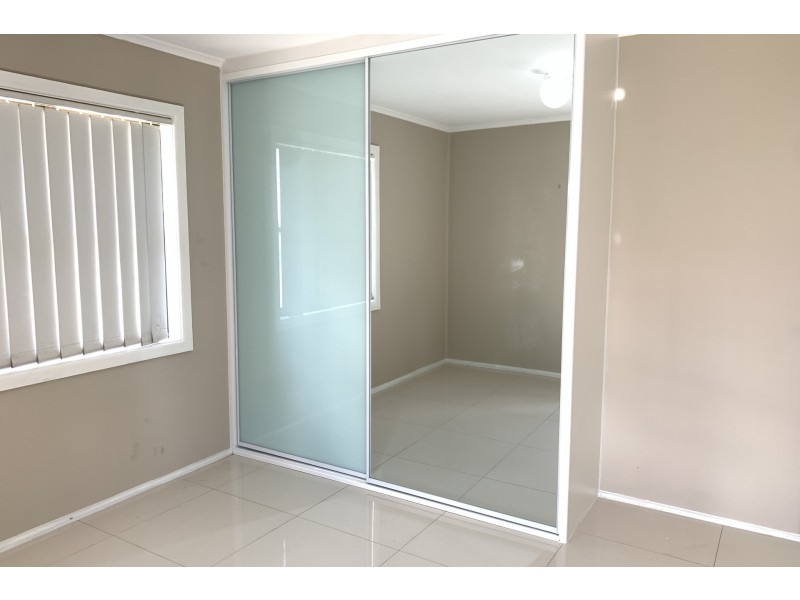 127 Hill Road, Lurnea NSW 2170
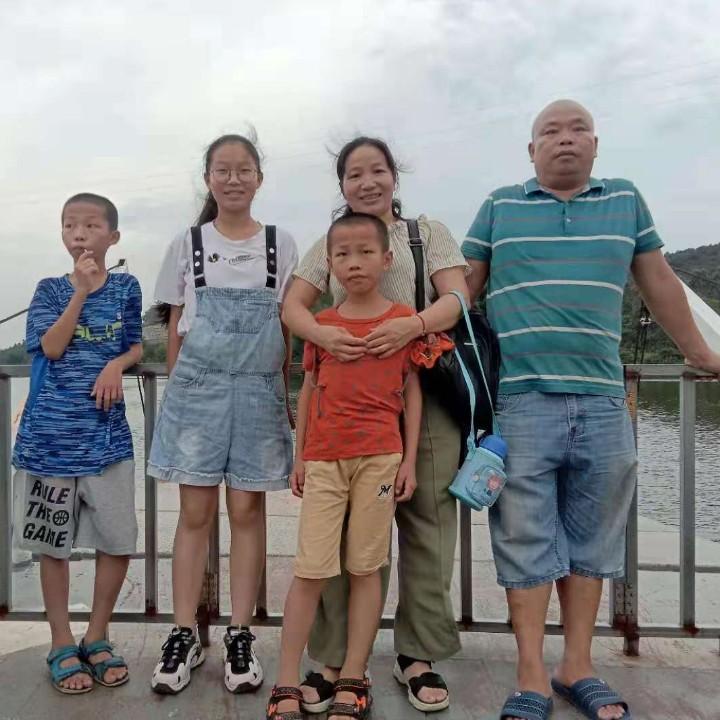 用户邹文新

____

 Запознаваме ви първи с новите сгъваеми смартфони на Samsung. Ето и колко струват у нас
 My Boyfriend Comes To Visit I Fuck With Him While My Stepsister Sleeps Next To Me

____

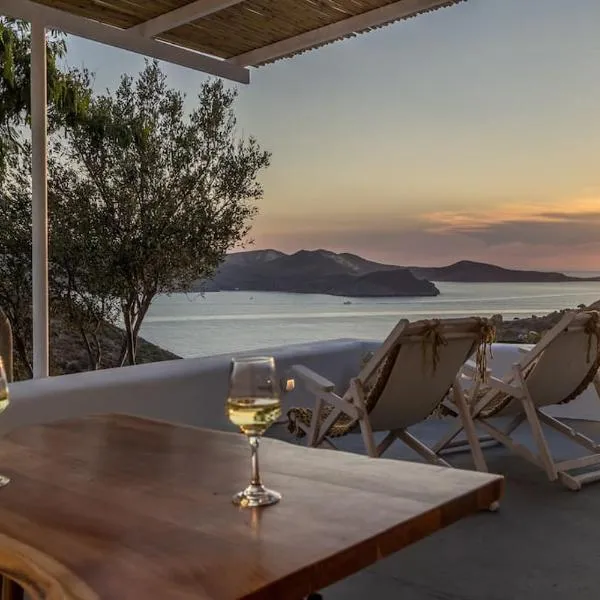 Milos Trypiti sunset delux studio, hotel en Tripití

____

> **Your goal**
The answer is the run of lines above from the line containing "Запознаваме ви първи" through the line containing "My Boyfriend Comes", copied exactly and alone.

> **Finished task**
 Запознаваме ви първи с новите сгъваеми смартфони на Samsung. Ето и колко струват у нас
 My Boyfriend Comes To Visit I Fuck With Him While My Stepsister Sleeps Next To Me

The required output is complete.